# Spanish Moss



## james dilley (Mar 21, 2004)

So does anyone collect it?? I know in Mexico Its A big deal. They make A few dollars off of it, But does it have any real value?? And is it worth collecting here?? I know wheres hundreds of pounds that can be collected. So whats your take on not only Moss, But other wild plants for income?/


----------



## Big Dave (Feb 5, 2006)

Up here it is getting to where you need a pemit to gather Gensig in season. No permit needed for mushrooms or asparagus. I do not know if spanish moss is the same as spagnum moss, but we buy that stuff for the wifes wreath making when she does it. Sell alot rocks for landscaping up here also. Sold mistletoe at Christmas when I lived in Tennessee. Heck I heard of some one selling gold painted tumbleweeds for the holidays on ebay. I think any thing is sellable just gotta find the market :angel:


----------



## vicker (Jul 11, 2003)

They used to use spanish moss in vehicle upholstery, and folks used to make some cash collecting it. I didn't know there is still a market for it. Is there? :shrug: What is it used for?


----------



## Zebraman (Aug 11, 2006)

Hey Guys;Spanish Moss is a type of Tillandsia.It has a market here in CA.Nursey's sell it as an exotic.A 2-2 1/2 ft section sells for $25.00 to $40.00.Selling it from a wesite would be your best bet.-


----------



## Ramblin Wreck (Jun 10, 2005)

Big Dave said:


> Heck I heard of some one selling gold painted tumbleweeds for the holidays on ebay. I think any thing is sellable just gotta find the market :angel:


I've seen sweet gum balls and cockle burrs sold as "porcupine eggs" at some state fairs...and people actually bought them!!


----------



## MELOC (Sep 26, 2005)

Ramblin Wreck said:


> I've seen sweet gum balls and cockle burrs sold as "porcupine eggs" at some state fairs...and people actually bought them!!



bwahahahaha! 

was that next to the snipe hunting exhibit?


----------



## moonwolf (Sep 20, 2004)

MELOC said:


> bwahahahaha!
> 
> was that next to the snipe hunting exhibit?

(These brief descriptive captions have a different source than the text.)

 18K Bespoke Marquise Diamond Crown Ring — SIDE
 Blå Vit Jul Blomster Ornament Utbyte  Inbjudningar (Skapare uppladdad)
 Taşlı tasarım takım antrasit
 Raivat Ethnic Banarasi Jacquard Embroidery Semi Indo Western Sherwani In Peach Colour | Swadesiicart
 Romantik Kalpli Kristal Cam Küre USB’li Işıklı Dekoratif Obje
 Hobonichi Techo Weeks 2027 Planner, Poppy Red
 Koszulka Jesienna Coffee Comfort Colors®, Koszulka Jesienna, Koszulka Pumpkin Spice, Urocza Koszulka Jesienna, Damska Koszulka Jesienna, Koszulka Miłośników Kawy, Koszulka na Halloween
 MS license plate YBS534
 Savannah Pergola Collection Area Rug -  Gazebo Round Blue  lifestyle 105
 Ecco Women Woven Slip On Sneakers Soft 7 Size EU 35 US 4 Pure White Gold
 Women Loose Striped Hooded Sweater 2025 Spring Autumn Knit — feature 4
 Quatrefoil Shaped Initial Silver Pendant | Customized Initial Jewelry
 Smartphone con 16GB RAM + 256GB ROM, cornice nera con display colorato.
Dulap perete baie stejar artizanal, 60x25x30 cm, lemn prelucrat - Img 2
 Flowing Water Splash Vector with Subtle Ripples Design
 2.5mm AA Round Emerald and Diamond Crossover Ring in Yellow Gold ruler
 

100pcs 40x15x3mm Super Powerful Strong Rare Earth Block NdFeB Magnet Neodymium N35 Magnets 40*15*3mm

don't discount that snipe hunting isn't a real activity.










Snipe Hunting Anyone? 

Yes, and you really CAN get a moose poop necklace for your favourite girlfriend!


----------



## MELOC (Sep 26, 2005)

yeah moonwolf, i saw the snipe photo on the singletree. it is a saying though. are they good eatin'? :shrug: lol


----------